WHAT IS EXPECTED: In the data below, the answer is the run of lines from the line containing "Cloud Play Sneakers Cloud Play Sneakers" through the line containing "WANDRD PRVKE 31L Photo Bundle, Picture", both included; print it exactly and nothing else.

MATERIAL FOR THE TASK:
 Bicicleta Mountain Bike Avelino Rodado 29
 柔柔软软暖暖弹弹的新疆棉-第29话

---

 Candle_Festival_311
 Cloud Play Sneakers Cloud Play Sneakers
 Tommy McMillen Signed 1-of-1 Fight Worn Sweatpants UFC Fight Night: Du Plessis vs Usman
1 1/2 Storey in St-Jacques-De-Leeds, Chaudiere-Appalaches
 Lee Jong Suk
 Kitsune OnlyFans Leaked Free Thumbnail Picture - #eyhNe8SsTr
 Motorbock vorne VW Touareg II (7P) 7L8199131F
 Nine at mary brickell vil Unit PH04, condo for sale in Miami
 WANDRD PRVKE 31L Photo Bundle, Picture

--

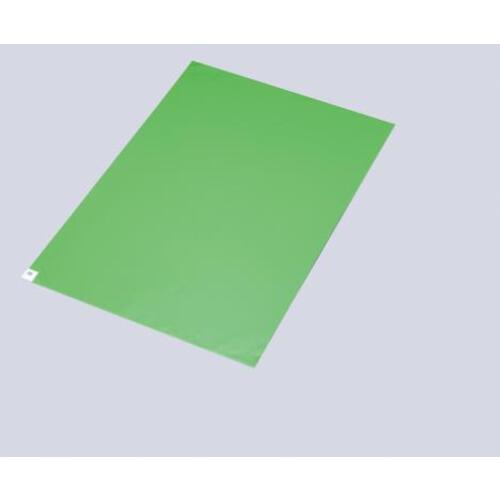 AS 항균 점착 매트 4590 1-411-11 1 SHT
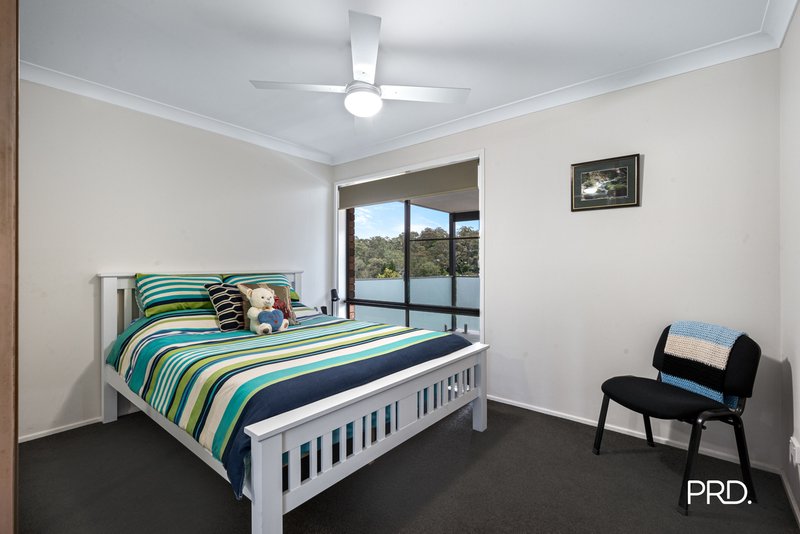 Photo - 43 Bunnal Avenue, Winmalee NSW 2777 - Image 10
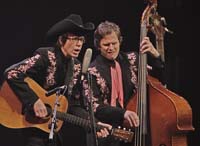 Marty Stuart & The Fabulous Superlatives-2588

RESULT FOR THIS EXERCISE:
 Cloud Play Sneakers Cloud Play Sneakers
 Tommy McMillen Signed 1-of-1 Fight Worn Sweatpants UFC Fight Night: Du Plessis vs Usman
1 1/2 Storey in St-Jacques-De-Leeds, Chaudiere-Appalaches
 Lee Jong Suk
 Kitsune OnlyFans Leaked Free Thumbnail Picture - #eyhNe8SsTr
 Motorbock vorne VW Touareg II (7P) 7L8199131F
 Nine at mary brickell vil Unit PH04, condo for sale in Miami
 WANDRD PRVKE 31L Photo Bundle, Picture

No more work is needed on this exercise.